Importantly, evidence suggests that most clinicians are happy to endorse research about usual care (Topazian et al. 2016). Consequently, we might expect that objections to pragmatic research will generally pertain to the details of the particular design and implementation of the study in question, rather than representing in any way a more fundamental rejection of the research enterprise in general. Looking ahead, empirical research to explore clinician’s complaints about, objections to, and experiences within specific studies could help inform strategies by which these objections can be mitigated, while also suggesting additional types of objections that might merit greater deference. Relatedly, pragmatic research often requires the involvement not only of clinicians, but also of other medical staff, including administrative personnel and information technology staff. While some research-related burdens on non-clinical staff might parallel those of clinicians, considerations of duties may differ for these groups. Further scholarship on non-clinician duties would also be valuable.
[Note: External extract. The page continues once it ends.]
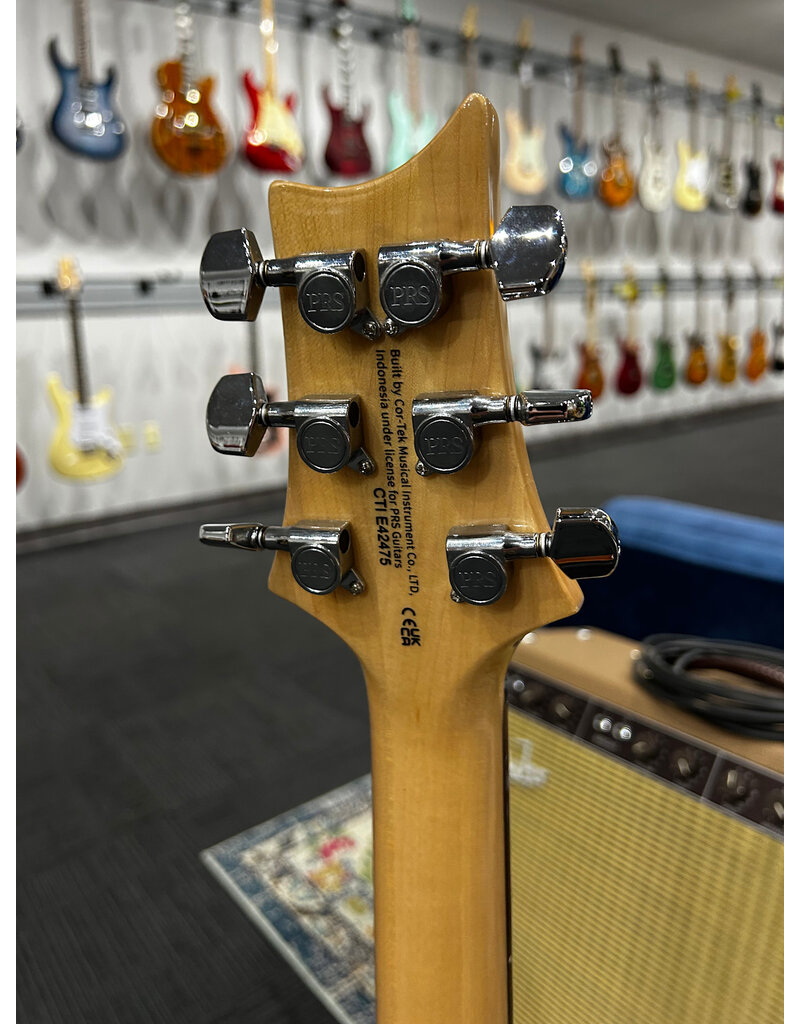 PRS Used PRS SE Custom 24 blue w/bag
In fact, good design to minimize burdens and other kinds of practical objections—including conscientious objections—seems like a good strategy in general. Research has costs, and not just monetary costs. Often those costs are more than worth it. But they should be acknowledged and mitigated wherever possible. Doing the right thing can be hard and inconvenient, but that is no justification for making it harder than it needs to be.
Footnotes
For example, Henry Beecher’s famous article on research ethics sparked a revolution in the field (Beecher 1966). At least at first, the research he was criticizing was judged permissible, and his dissent highlighted the need for more ethical oversight. Francis Kelsey was an FDA commissioner who kept thalidomide mostly out of the US (Commissioner), even as it was commonly prescribed in other wealthy nations. Indeed, norms of research ethics have developed as responses to bad practices that were not exactly secrets. See London (2021) ch. 2. The appropriateness of robot-assisted surgeries, or of machine-learning image diagnostics, is still being discerned. Less ethically-fraught are cases where new research suggests a valuable change in standard care, but this information is not disseminated or confirmed immediately. Knowledge production and dissemination takes time, and it is often not unreasonable for clinicians to take a “wait and see” approach about revisionary practice.